I feel it would be a little petty to request the overcharge to be refunded 13 months on, although I would happily accept a pair of complimentary tickets for the Liverpool game on Sunday if you have any spare.
Thank you for your email.
I will have to look at your website logo when I am back in the office tomorrow. I am working at the Stadium today due to the game and can not gain access to your site from the hot desk I am working at as it does not have the clearance to the website that my own PC does.
Also, thank you for sending me your queries about the new e-ticketing system from last year. I have passed them onto the Customer Services Manager here at the Club to look into for you. I am sure he will respond shortly.
I have managed to look at your website this morning and unfortunately you can still not use the logo in this way as it is still very clear it is our cockerel and ball logo, which is trade marked, and we have not given you permission to use it.

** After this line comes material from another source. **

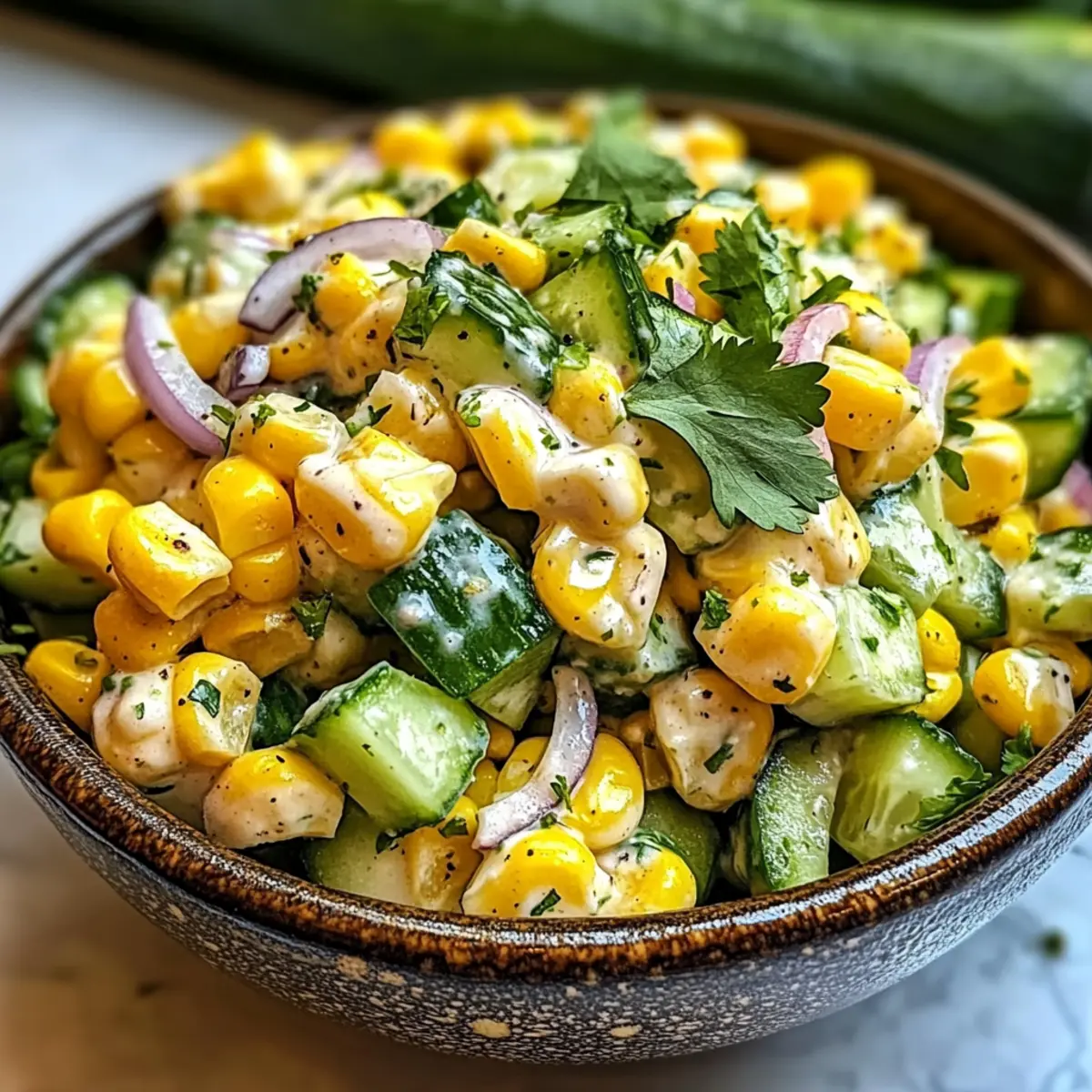 Straßencorn Cremige Gurkensalat für den Sommer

Please can you take this logo down from your site as soon as you can.
With the club’s position unchanging I decided to remove the famous cockerel and ball altogether and replaced it with:
I have removed the cockerel and the ball from my site logo.
Jonathan Waite, Customer Service Manager, has been in touch and assured me that the £1 I was overcharged will be refunded in the next 5 days. My suggestion of complimentary tickets seems to have fallen on deaf ears.
Thank you for removing the logo from the site and I am glad Jonathan has arranged the £1 to be refunded to you.
In terms of complimentary tickets, this is not something we would offer to you, as the gesture does not reflect the circumstances that have taken place between yourself and the Club.